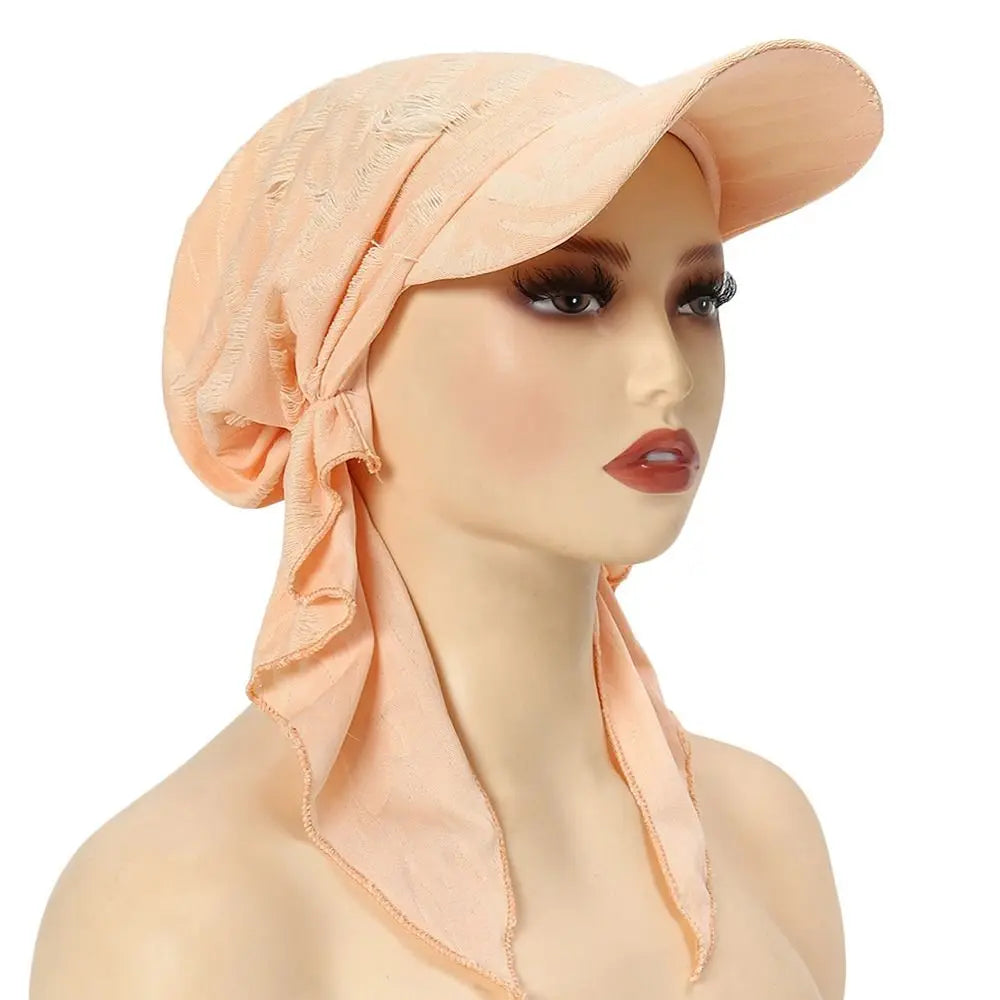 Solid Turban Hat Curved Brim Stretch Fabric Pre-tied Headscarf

*-*-*

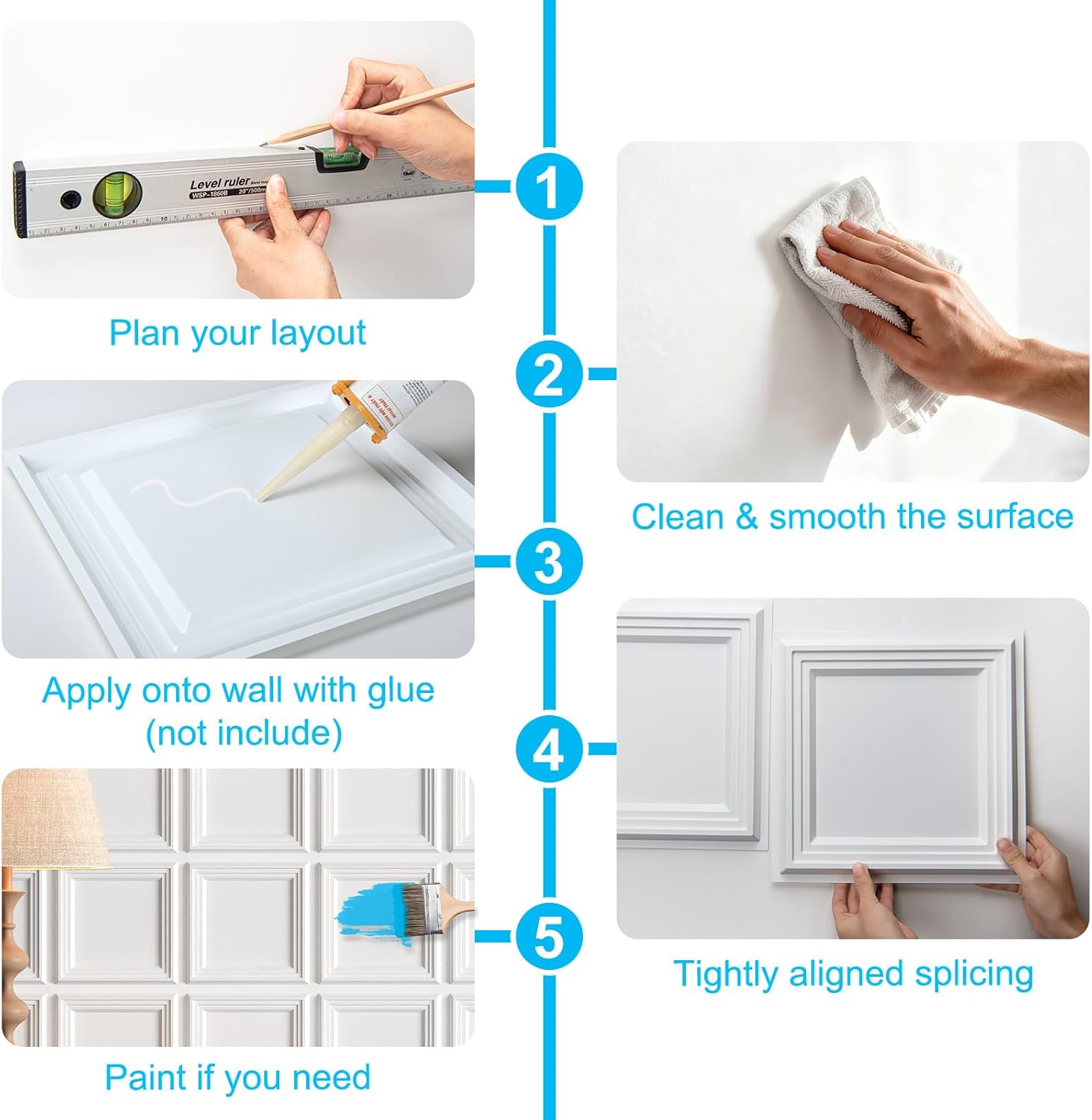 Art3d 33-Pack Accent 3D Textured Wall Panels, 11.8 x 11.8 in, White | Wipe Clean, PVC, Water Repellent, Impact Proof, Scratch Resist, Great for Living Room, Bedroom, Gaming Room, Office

*-*-*

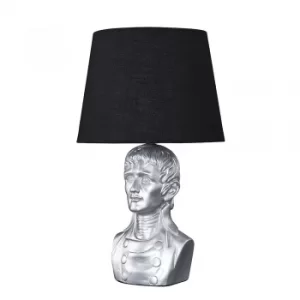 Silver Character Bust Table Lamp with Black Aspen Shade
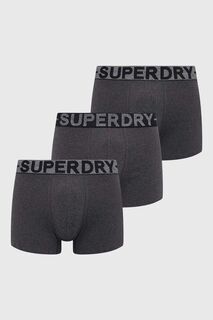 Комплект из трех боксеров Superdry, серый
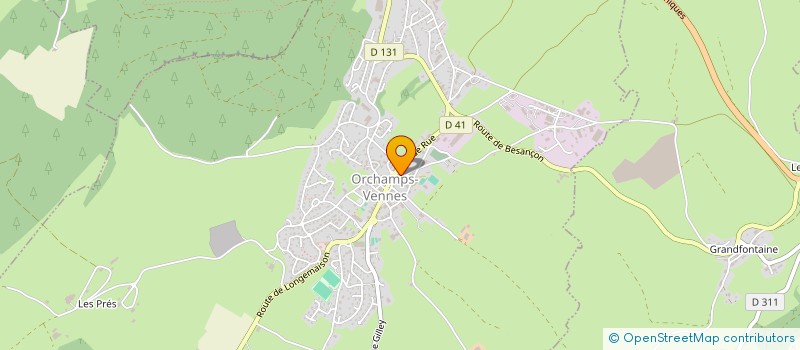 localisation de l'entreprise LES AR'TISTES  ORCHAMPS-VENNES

*-*-*

Look through the listing above for the line with "Silver Character Bust" and the line with "localisation de l'entreprise". Write out exactly those lines and everything between, leaving out pictures.

--- Solution for this task ---
 Silver Character Bust Table Lamp with Black Aspen Shade
 Комплект из трех боксеров Superdry, серый
 localisation de l'entreprise LES AR'TISTES  ORCHAMPS-VENNES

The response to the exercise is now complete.